Could Accurate Front-of-Package Food Photos Help People Eat Less?

Yesterday there was an interesting study published in Public Health Nutrition.

The study, "Frosting on the cake: pictures on food packaging bias serving size" explored four questions.

1. Do the calories of the foods pictured on fronts of packages exceed the calories stated on the package's per serving nutrition label?

Using cake mixes as an example the authors demonstrated that as pictured, with frosting, the slices of cake on the fronts of packages contained 134% more calories than the serving size calories published on the packages' nutritional facts panels.

2. Do people take extra ingredient calories into account when determining serving size?

Cornell undergrads were provided with two types of cake mix boxes and asked to estimate the "appropriate" number of calories per serving of cake.

One group of undergrads' boxes had photos of cake with frosting, while another group's boxes had photos of the same cakes unfrosted. The group with photos of cake with frosting were explicitly told that the frosting shown on the fronts of their packages' cakes was not included in the cake's back of box nutritional labeling. A third group was given boxes with photos of cake with frosting, but with no note regarding the frosting's calories not being included in the nutritional labelling.
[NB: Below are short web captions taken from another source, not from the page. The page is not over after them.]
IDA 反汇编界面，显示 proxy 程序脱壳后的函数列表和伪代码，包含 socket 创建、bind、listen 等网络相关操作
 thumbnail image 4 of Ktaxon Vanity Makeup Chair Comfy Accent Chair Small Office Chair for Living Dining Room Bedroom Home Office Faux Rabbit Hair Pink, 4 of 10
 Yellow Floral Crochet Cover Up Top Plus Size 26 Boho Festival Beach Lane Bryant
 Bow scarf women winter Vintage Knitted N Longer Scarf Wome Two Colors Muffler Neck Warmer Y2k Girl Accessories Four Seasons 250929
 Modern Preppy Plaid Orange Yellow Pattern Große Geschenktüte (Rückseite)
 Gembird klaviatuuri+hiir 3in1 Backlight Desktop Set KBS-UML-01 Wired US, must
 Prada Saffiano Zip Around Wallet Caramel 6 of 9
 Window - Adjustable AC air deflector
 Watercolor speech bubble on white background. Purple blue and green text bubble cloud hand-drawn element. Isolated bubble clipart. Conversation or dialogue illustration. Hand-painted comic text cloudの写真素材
The authors found that when there was no proviso about the frosting's calories not being included, the amount of calories that people believed were "appropriate" for a serving of cake rose dramatically.

3. Would clear front of package labelling about extra ingredients reduce serving size norms?

Using more undergrads, one group was provided with a box of cake mix that included a photo of cake with frosting and then asked to indicate what they thought would be a normal serving size, a second group was provided with boxes that included the frosting not included in calculations proviso, and the last group with boxes that included photos of frostingless cake. All groups used a series of cake slices that varied in size as determined by 100 calorie increments to make their selections.

The students who weren't told about the frosting, selected cake slices containing nearly double the calories of those told frosting calories were not included on the nutritional labelling.

4. Would labelling about extra ingredients reduce serving size norms in nutritionally savvy consumers?

Basically a repeat of question number 3, but with the participants being 44 food-service industry conference attendees.

With this group, despite being professional food service workers, when faced with the box without the proviso about frosting, though not nearly as significantly as with the undergrads, they too chose larger serving sizes.

Ultimately what this study suggests is that at least with cake, more accurate front of package food photography would influence how much consumers served themselves. The authors note that it is not at all uncommon for front of package food photos to include sauces, toppings and other supplemental extras that would not have been included in the product's labelling. There's also little doubt that in many (most?) cases, a boxed food's front of package photos are of servings much larger than the back panel's calculated serving size.

All of this to say that package reforms and legislative efforts need to consider more than just the nutrition facts panel, and that ensuring that front-of-package food photos accurately reflect both the panel's reported serving size, and that if there are extras, either they're accounted for on the panel, or a proviso is clearly provided stating that they're not, might influence that product's consumption.

[Reading the study my mind went immediately to cereal where serving sizes are usually in the neighbourhood of ½-¾ of a cup, and yet the bowls on fronts of boxes likely contain 2 cups or more.]